My early #oneaday posts largely focused on how miserable I was working as a teacher. I had a feeling before I even started that position at that primary school that it was going to be a difficult time — my previous stint as a secondary school teacher had ended with me suffering a nervous breakdown, after all, and I wasn’t keen to return to that place in my mind.

I had thought I should give primary teaching a shot, however, as several family members and friends had said they thought I’d make a good primary school teacher. (I have since forgiven them for saying these things.) Given the amount of unnecessary fighting and workplace bullying I had to put up with to get a foot in the door of primary teaching, I also wasn’t about to give up easily.

But give up I did. Not for lack of trying, but because I recognised the signs of my own decline from last time and wanted to escape before my brain collapsed again. That and I had the opportunity to go to PAX East in Boston, which was something I desperately wanted to do and proved to be, to date, probably the happiest, most fun time of my life.

Subsequently came the chaos that was the end of my marriage. This, in stark contrast to PAX East, was the most difficult, unpleasant experience I have ever been through. The way I felt after breaking down at school that first time was absolutely nothing compared to the sense of guilt, rejection, anger, stupidity, frustration, sadness, regret and all manner of other feels I felt during this dark period of my life. I felt like I was going under, and that this time I’d never make it back up again.

Ironically, I think some of my best writing was done during this period. I guess it’s true what they say: inner pain fuels art.

Make it back I did, though, thanks to support from family and friends. I moved away from the city I’d called home for nearly ten years (even during the periods when I didn’t actually live there) and moved back in to my childhood home.

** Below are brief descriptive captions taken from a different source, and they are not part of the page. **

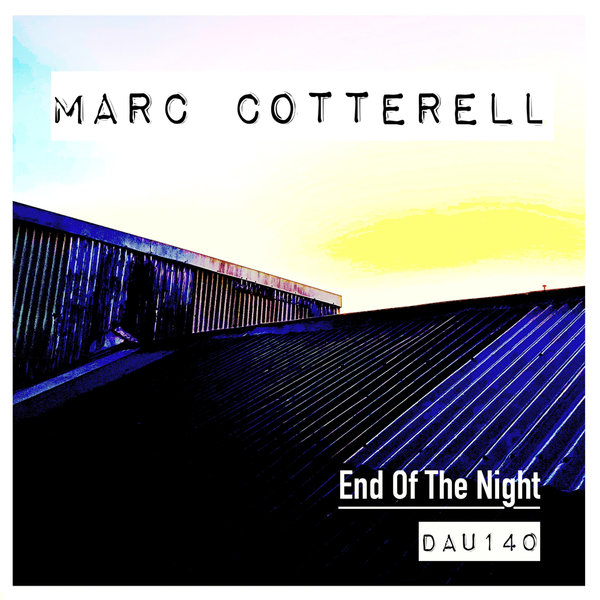 Marc Cotterell –  End Of The Night [Deep And Under Records]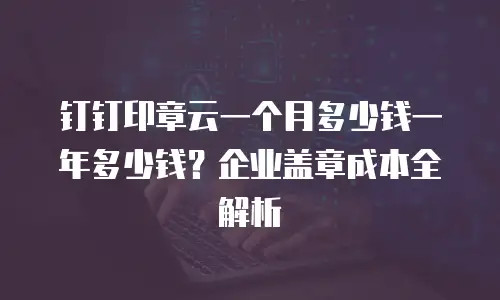 钉钉印章云一个月多少钱一年多少钱？企业盖章成本全解析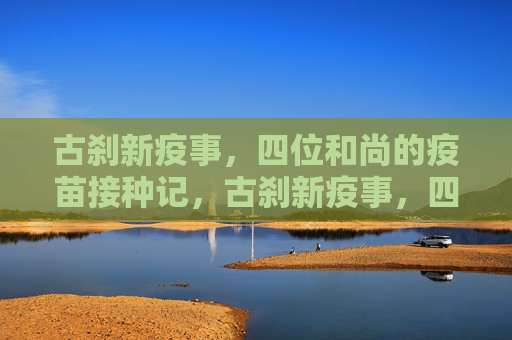 古刹新疫事，四位和尚的疫苗接种记，古刹新疫事，四位和尚疫苗接种记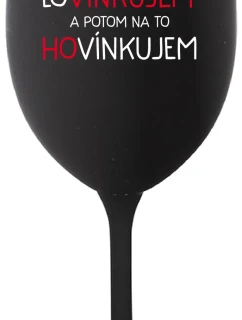 LOVÍNKUJEM A POTOM NA TO HOVÍNKUJEM - čierny pohár na víno 350 ml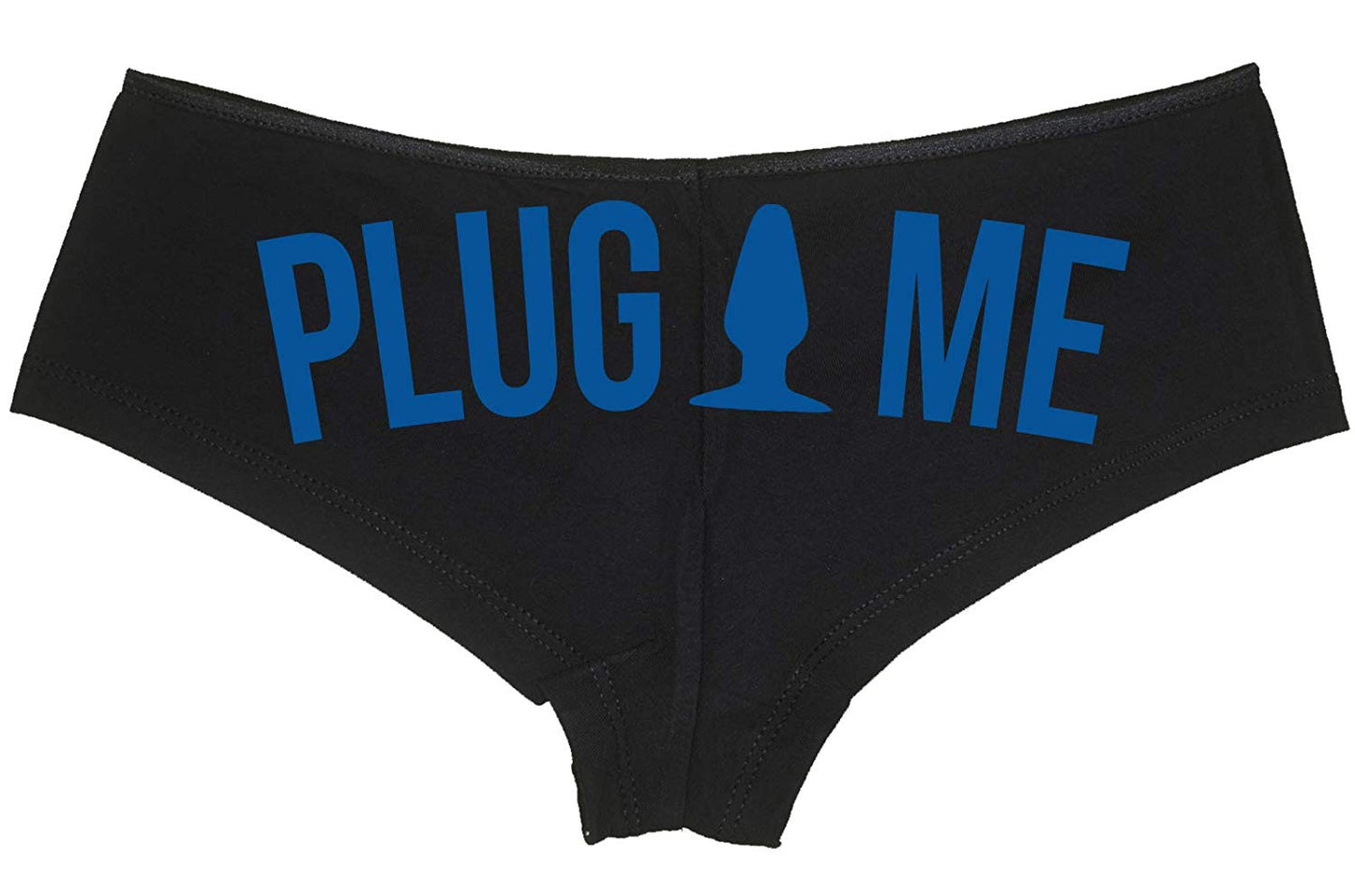 Plug Me • Black Boyshort • Choose Text Color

I was in two minds about this. On the one hand, to be pushing thirty and back living with my parents felt kind of pathetic, like I’d failed at life. On the other hand, I was and am grateful to them for supporting me at that difficult time. I felt hugely depressed for much of the time I lived there as I desperately tried to rebuild my life, struggling to find a job when the only thing I was really qualified was teaching — the career that had nearly killed me.

By a stroke of good fortune, I eventually found myself working for GamePro, initially on a fairly casual basis, then gradually building up my contributions until I was effectively a remote full-time employee, responsible for the majority of the site’s news output. I had a noticeable impact, too — the traffic figures showed that my work was attracting lots of new visitors to the site, and I was developing a good reputation as the face of GamePro’s news posts.

By a further stroke of good luck, I found myself in a new relationship with someone who understood me and my likes a whole lot better than my wife ever did. This developed quickly and eventually gave me the means and the opportunity to fly the nest once again. This, coupled with my work for GamePro, made me feel my life was finally getting back on track.

To date, I think GamePro was my favourite job I’ve ever had. Which is what made it all the more upsetting when GamePro met its unceremonious demise late last year. I saw a variety of panicked-looking emails from other members of staff but since I wasn’t physically present in the office, I’d obviously missed out on some sort of important news. I hoped against hope that it wasn’t what I thought it was, but it was.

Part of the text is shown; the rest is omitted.